What are the responsibilities and job description for the Software Engineer - AI Infrastructure position at Harell Data?
About the Role - Onsite in Palo Alto CA or Bellevue WA (not eligible for relocation assistance)
As a founding AI Infrastructure Engineer, you will report directly to the CTO and lead the development of our core compute and orchestration layer. This is a high-impact role where you will hold a significant ownership stake in the company and lead the 0-to-1 build of our infrastructure. You will work closely with our customers to translate their needs into a world-class platform, while simultaneously shaping our engineering culture and technical direction from the ground up.
What You Will Do
- Architect GPU Compute Fabric: Build and manage the orchestration layer for GPU workloads, ensuring efficient resource allocation and cost management for large-scale training, fine-tuning, and inference.
- Design Developer Interfaces: Build developer-centric SDKs and APIs that transform complex ML workflows into intuitive experiences for researchers and data scientists.
- Operationalize the ML Lifecycle: Develop robust, end-to-end pipelines-from data ingestion and preprocessing to secure model serving and monitoring.

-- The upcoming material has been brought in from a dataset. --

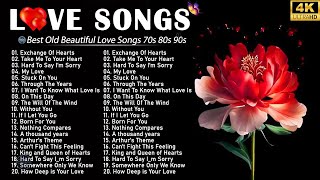 Love Songs 80s 90s Playlist English  Beautiful Love Songs About Falling In Love WestlifeMLTR [upl. by Topliffe]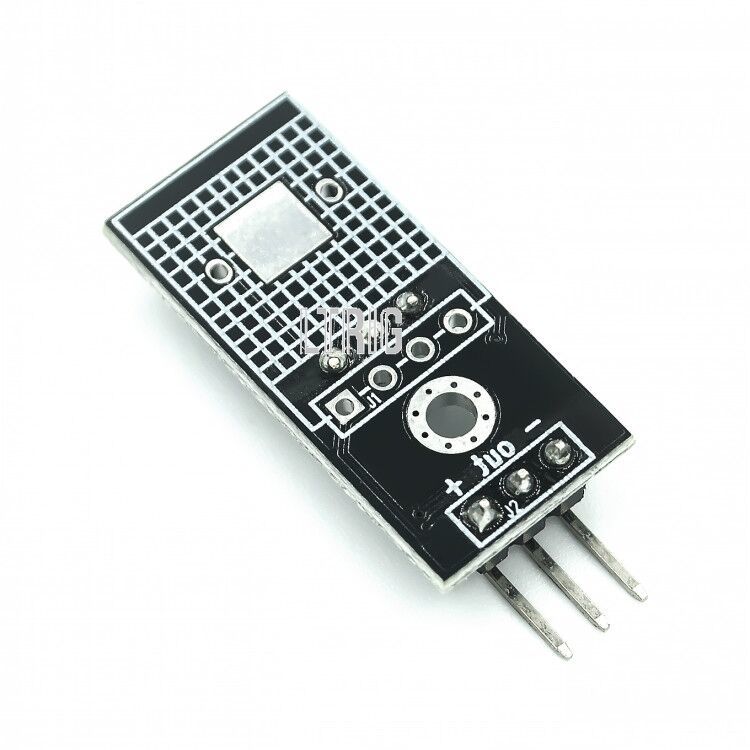 Custom 1PCS DS18B20 single-bus digital temperature sensor module for Arduino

- Client Success & Observability: Work closely with customers to debug fine-tuning jobs and build the observability tools required to track model performance and resource health in real-time.
- Define Systems & Culture Strategy: Lead the technical roadmap by making critical "build vs. buy" decisions on infrastructure and security, while directly shaping the team’s engineering standards and hiring processes.
Qualifications
- 5 years of software engineering experience, with focus on ML infrastructure or backend systems supporting ML workload.
- Experience deploying and operating ML/DL training or inference pipelines in production (PyTorch, Hugging Face, or similar).
- Hands-on experience with Kubernetes on AWS/GCP, ideally for GPU workloads
- Strong CS fundamentals and system design skills.
- Ability to thrive in fast-paced, dynamic environments and navigate ambiguity.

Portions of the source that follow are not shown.